Exploring the distribution of statistical feature parameters for natural sound textures

Sounds like “running water” and “buzzing bees” are classes of sounds which are a collective result of many similar acoustic events and are known as “sound textures”. Recent psychoacoustic study using sound textures by [1] reported that natural sounding textures can be synthesized from white noise by imposing statistical features such as marginals and correlations computed from the outputs of cochlear models responding to the textures. The outputs being the envelopes of bandpass filter responses, the ‘cochlear envelope’. This suggests that the perceptual qualities of many natural sounds derive directly from such statistical features, and raises the question of how these statistical features are distributed in the acoustic environment. To address this question, we collected a corpus of 200 sound textures from public online sources and analyzed the distributions of the textures’ marginal statistics (mean, variance, skew, and kurtosis), cross-frequency correlations and modulation power statistics. A principal component analysis of these parameters revealed a great deal of redundancy in the texture parameters. For example, just two marginal principal components, which can be thought of as measuring the sparseness or burstiness of a texture, capture as much as 66% of the variance of the 128 dimensional marginal parameter space, while the first two principal components of cochlear correlations capture as much as 90% of the variance in over 1000 correlation parameters.
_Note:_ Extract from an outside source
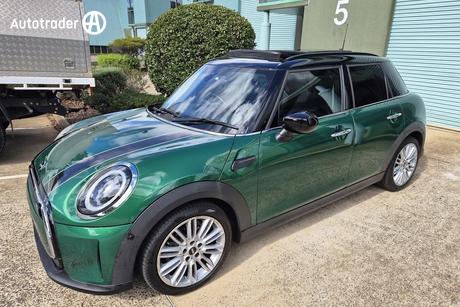 Green 2021 Mini Cooper Hatchback Classic Plus 5D Hatch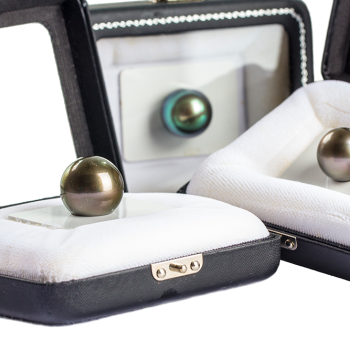 Dark green tahiti pearls 04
Knowledge of the statistical distributions documented here may help guide the choice of acoustic stimuli with high ecological validity in future research.

[1]  Andrew J King,et al.  Sensory cortex is optimized for prediction of future input , 2017, bioRxiv.

[2]  Eero P. Simoncelli,et al.  A Parametric Texture Model Based on Joint Statistics of Complex Wavelet Coefficients , 2000, International Journal of Computer Vision.

[3]  N. C. Singh,et al.  Modulation spectra of natural sounds and ethological theories of auditory processing. , 2003, The Journal of the Acoustical Society of America.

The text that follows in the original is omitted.